O Centro de Integridade Pública
(CIP) de Moçambique acredita que Jacinto Nyusi, um dos filhos do Presidente de
Moçambique, vendeu uma casa que detinha na África do Sul para branquear
capitais obtidos ilicitamente.
O Centro de Integridade Pública
(CIP) de Moçambique tem documentos que relacionam Jacinto Ferrão
Nyusi, filho do chefe de Estado moçambicano, com a rede de corrupção e
branqueamento de capitais que lesou o Estado em mais de dois mil milhões
de euros, um esquema que ficou conhecido como o caso das dívidas ocultas.
Aquele filho do Presidente
Filipe Nyusi comprou a pronto uma casa localizada num bairro de elite
na Cidade do Cabo, em julho de 2014, imóvel que vendeu em outubro de
2017. No entanto, na altura o jovem tinha apenas 21 anos e não lhe era
conhecida qualquer atividade económica compatível com a compra de uma casa
avaliada em mais de 245 mil euros.
A propósito da denúncia pública,
a DW África entrevistou um dos investigadores principais do CIP, Baltazar Fael.
DW África: O CIP tem documentos
que comprovam que Jacinto Nyusi, filho do Presidente da República de
Moçambique, adquiriu um bem imóvel na África do Sul com dinheiro das dívidas
ocultas. Vai apresentar esses dados às autoridades?
Baltazar Fael (BF): Nos
próximos dias, irá seguir uma queixa com esses documentos para que a Procuradoria-Geral
da República (PGR) os tenha e possa exercer aquilo que é a sua atividade de
ação penal.
DW África: Segundo estes
documentos, Jacinto Nyusi comprou a casa a pronto, supostamente a partir do
financiamento de António Carlos do Rosário, ex-alto quadro do Serviço
de Informações e Segurança do Estado (SISE). Como é que funcionava esse
esquema?
BF: Aqui temos de recuar um
pouco para ver como é que os arguidos do processo das dívidas ocultas foram
repartindo o dinheiro. Eles foram adquirindo bens de forma a lavar esse
dinheiro. Eles vendiam umas casas e voltavam a comprá-las. O esquema acabou por
funcionar de uma forma em que o objetivo era mesmo ocultar a origem desses
fundos, para que um dia não se viesse a saber a origem do dinheiro ou para apagar
quaisquer vestígios que conduzissem as autoridades a uma investigação que os
relacionasse com esses fundos.
Este filho do atual Presidente da
República de Moçambique não está constituído como arguido no processo que está
a decorrer na PGR. Cabe à PGR investigar mais e verificar se não há a
possibilidade de se abrir aqui um processo autónomo.

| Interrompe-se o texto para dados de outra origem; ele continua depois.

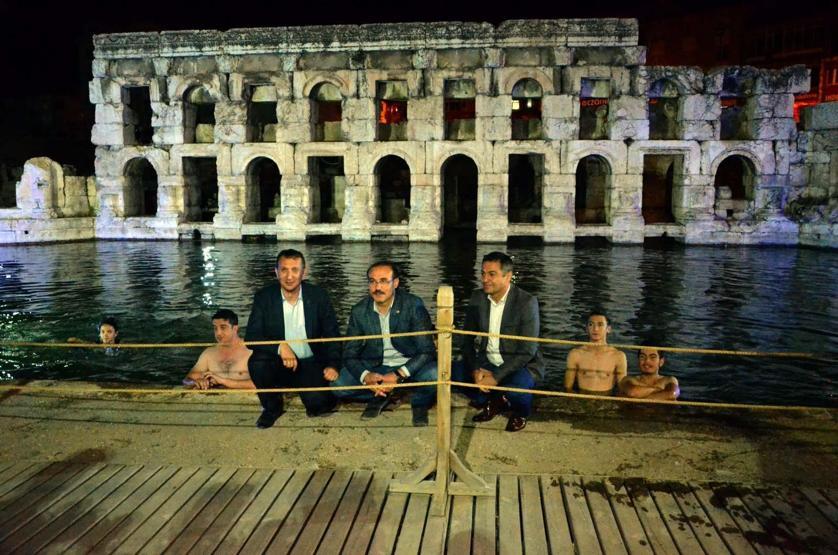 2 bin yıllık Roma Hamamı gece görüntüsüyle göz kamaştırdı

DW África: Acha que Filipe Nyusi
pode, de alguma forma, interceder e atrapalhar essa investigação?
BF: Tudo é possível. Como
nós sabemos, existem algumas dependências entre a PGR e quem nomeia a PGR, que
é neste caso o Presidente da República. Dizer que não pode haver
interferências, se calhar, seria 'pôr a carroça à frente dos bois'. Tudo isto
passa pela integridade das próprias instituições.
DW África: É sabido que Filipe
Nyusi tem filhos jovens a quem são atribuídos negócios de grande envergadura. É
expectável que estas pessoas tão novas movimentem quantias avultadas de
dinheiro?
Expectável não é, porque as
pessoas para ter dinheiro têm de trabalhar. Não se sabe ou não se sabia de
quaisquer negócios feitos pelo filho do Presidente da República. Do nada,
ele conseguiu dinheiro para adquirir uma residência. Para além disso, parece
que na altura nem o Presidente da República era candidato à Presidência.
Portanto, pode haver esta ligação, não estamos a dizer que existe, mas pode
haver uma ligação entre este caso das dívidas ocultas, António Carlos do
Rosário e o facto destas pessoas terem de um momento para outro ganho avultadas
somas de dinheiro.
DW África: Antes desta questão
vir a público, um dos filhos de Filipe Nyusi já era criticado publicamente por
alegadamente ter comportamentos pouco ortodoxos, como circular em carros sem
matrícula ou fazer corridas ilegais. Acha que há um sentimento de impunidade na
elite Moçambicana?
BF: Não há dúvida. Se ele
circula com carros sem matrícula, sem identificação, e as autoridades pura e
simplesmente deixam-no circular na vida pública, mas quando é um cidadão
anónimo ou comum é imediatamente interceptado, então há uma lei que funciona
para os mais ricos e mais fortes e a mesma lei vai funcionar de outra forma
para os mais fracos.
Há cidadãos que cometeram
infrações e esses cidadãos independentemente de serem familiares ou filhos
deste ou daquele devem sofrer o mesmo tipo de investigação, ser submetidos ao
mesmo tipo de investigação, porque só assim se constrói um Estado de Direito.